To protect your computer when you’re shopping or doing business online, Johnson County Department of Technology and Innovation recommends you:

  • Use the longest password or passphrase permissible.
  • Enable multi-factor authentication (MFA) to ensure that the only person who has access to your account is you.
  • Keep your operating systems, web browsers and software updated to the latest version available. Turn on automatic updates and set your security software to run regular scans.
  • Limit what information you post on social media. Keep Social Security numbers, account numbers and passwords private, as well as specific information about yourself, such as your full name, address and birthday.
  • Your mobile device could be filled with suspicious apps running in the background or using default permissions you never realized you approved. Check your app permissions and delete what you don’t need or no longer use.
  • Before you connect to any public wireless hotspot confirm the name of the network and exact login procedures with appropriate staff to ensure that the network is legitimate. If you do use an unsecured public access point, practice good internet hygiene by avoiding sensitive activities that require passwords or credit cards.

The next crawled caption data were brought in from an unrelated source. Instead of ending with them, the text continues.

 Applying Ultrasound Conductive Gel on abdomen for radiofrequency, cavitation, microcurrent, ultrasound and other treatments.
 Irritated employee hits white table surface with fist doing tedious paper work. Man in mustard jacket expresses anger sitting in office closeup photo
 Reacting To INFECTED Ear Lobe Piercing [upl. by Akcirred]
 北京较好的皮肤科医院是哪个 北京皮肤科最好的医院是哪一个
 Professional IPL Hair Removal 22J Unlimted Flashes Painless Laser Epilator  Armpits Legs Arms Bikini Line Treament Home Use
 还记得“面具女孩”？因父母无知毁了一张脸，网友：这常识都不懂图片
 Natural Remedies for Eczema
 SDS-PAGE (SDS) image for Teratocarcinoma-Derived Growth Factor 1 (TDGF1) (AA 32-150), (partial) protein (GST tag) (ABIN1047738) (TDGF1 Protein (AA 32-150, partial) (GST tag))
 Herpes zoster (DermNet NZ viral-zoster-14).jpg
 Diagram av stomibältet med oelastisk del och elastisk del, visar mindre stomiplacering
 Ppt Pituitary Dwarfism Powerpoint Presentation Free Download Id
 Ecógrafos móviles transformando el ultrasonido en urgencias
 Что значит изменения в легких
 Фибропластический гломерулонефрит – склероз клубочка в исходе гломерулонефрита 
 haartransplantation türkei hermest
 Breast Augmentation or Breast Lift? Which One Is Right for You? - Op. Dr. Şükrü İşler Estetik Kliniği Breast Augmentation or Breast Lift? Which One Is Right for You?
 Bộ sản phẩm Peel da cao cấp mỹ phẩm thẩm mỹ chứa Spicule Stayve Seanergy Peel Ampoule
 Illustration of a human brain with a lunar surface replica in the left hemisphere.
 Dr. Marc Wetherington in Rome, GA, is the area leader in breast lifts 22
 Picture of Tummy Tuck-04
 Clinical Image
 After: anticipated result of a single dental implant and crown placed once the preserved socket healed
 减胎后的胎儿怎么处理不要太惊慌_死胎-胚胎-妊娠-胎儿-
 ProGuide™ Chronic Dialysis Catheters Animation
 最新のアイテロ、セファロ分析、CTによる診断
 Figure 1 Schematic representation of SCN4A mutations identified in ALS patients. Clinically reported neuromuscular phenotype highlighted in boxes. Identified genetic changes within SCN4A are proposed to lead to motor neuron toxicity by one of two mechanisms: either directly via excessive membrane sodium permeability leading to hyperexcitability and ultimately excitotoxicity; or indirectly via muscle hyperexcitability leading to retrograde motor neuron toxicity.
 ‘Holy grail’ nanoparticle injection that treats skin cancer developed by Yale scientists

Phishing attacks use email or malicious websites to infect your machine with malware and viruses in order to collect personal and financial information. Cybercriminals attempt to lure users to click on a link or open an attachment that infects their computers, creating vulnerability to attacks. Phishing emails may appear to come from a real financial institution, ecommerce site, government agency, or any other service, business, or individual. The email may also request personal information. When users respond with the information or click on a link, attackers use it to access users’ accounts.

Here are some ways to protect yourself from phishing emails:

  • Play hard to get with strangers. Links in email and online posts are often the way cybercriminals compromise your computer. If you’re unsure who an email is from — even if the details appear accurate — do not respond, and do not click on any links or attachments found in that email.
  • Think before you act. Be wary of communications that implore you to act immediately.
  • Protect your personal information. If people contacting you have key details from your life, they can attempt a direct spear-phishing attack on you.